Someone suspected that there was an issue between two electronic trading centers between Asia and the USA, he wouldn’t say exactly where in the US and Asia, or who their client was. Anyway, they did some research in fact they called in their physicists to calculate the curvature of the Earth between the two continents to figure out how fast the data transfer rate should be, then they had their EEs look at the transmission line characteristics. Initially the IT engineer for the trading company told them, that the transfer rate should be 1.5 * the speed of light.
Cisco Engineer: What do you mean that the transfer rate is 1.5 * the speed of light, that’s physically impossible, it defies the laws of physics.
IT engineer: Well, I guess we must have a very robust router.
CE: Your are an idiot.
Eventually, they found that the transactions between one of the servers was being delayed by milliseconds, the packets sent were being slowed down. So, they did some more research, turns out that data connection between the two continents were over a undersea cable (there are a lot of undersea data cables between continent to continent that’s how we transfer data usually, please see attachment). Sidenote: Investment advice buy land in Africa, where the cable interconnect is routed from Asia.
They did more research, and discovered a man-in-the-middle attack, someone actually got access to the undersea cable as it was routed through French Polyonesia in the Pacific Ocean.
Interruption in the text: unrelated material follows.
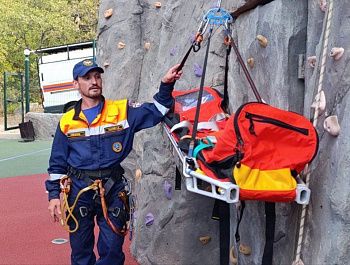 Спасатели Севастополя провели интерактивное занятие для участников форума «Молодежь 92»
As a result, the person could intercept the data being transmitted, see what types of trades were being placed (all he needed was those millisecond delays) and have an algorithm to decide whether to buy or sell shares based on what types of trades were being executed. All I have to say for the criminals brilliant, but illegal.
Second thing, power supplies. We often think of computer security in terms of protecting the data inputs and outputs of the computer/system, but what about the power inputs? What happens when Vcc(the input voltage) is not equal to what it’s suppose to be weird stuff starts happening at the logic level. The system might spit out a incorrect calculation, or spill out too much info with over or under voltage. Basically, he said it was very hard to design power supplies that are intolerant to slight signal variations.
In high school physics and basic college electromagnetics, we learn that AC signals are sinusoidal, with some constant amplitude, and when you convert from AC to DC with the use of a transformer and bridge diode rectifier (I’ve attached an oversimplified circuit found on google), you get a constant DC output. As a power professor I had once pointed out, what a fairy tale. For one in real life power is outputted in three phases (not just 1 sinusoidal signal), and two as shown in the plot from wikipedia, you superposition all the waves, then rectify it, no way are you going to get a perfectly constant DC output. You get close, but not close enough. So in short he argued that any input voltage signal variation should be logged no matter how small.
Shawn Adderly